:: TASK TO CARRY OUT ::
The lines from the top of the material through the line with "Dolce & Gabbana" are to be set down exactly. Leave the pictures out.

(SOURCE MATERIAL begins)

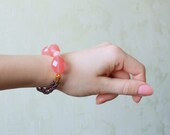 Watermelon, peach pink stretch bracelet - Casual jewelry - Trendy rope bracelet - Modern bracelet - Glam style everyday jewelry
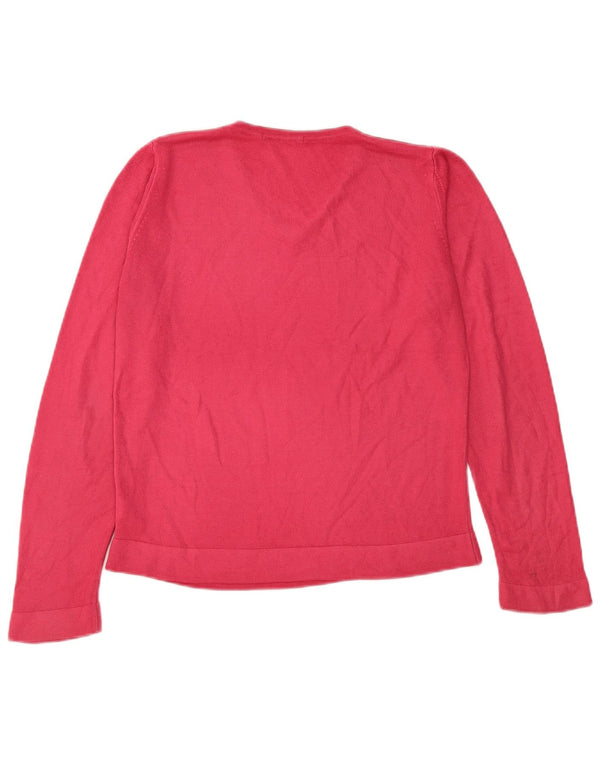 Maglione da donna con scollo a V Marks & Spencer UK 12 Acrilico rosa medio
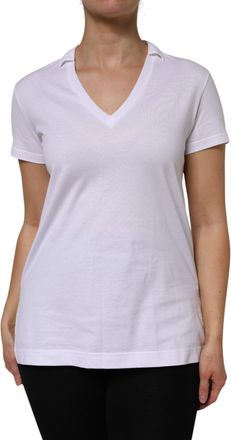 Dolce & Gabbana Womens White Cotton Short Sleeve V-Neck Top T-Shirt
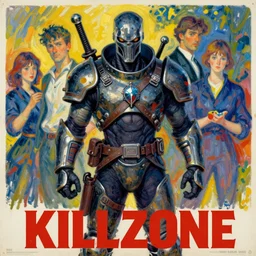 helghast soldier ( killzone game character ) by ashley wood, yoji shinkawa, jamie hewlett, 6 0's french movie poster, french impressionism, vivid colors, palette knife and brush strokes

(SOURCE MATERIAL ends)

:: EXPECTED ANSWER ::
 Watermelon, peach pink stretch bracelet - Casual jewelry - Trendy rope bracelet - Modern bracelet - Glam style everyday jewelry
 Maglione da donna con scollo a V Marks & Spencer UK 12 Acrilico rosa medio
 Dolce & Gabbana Womens White Cotton Short Sleeve V-Neck Top T-Shirt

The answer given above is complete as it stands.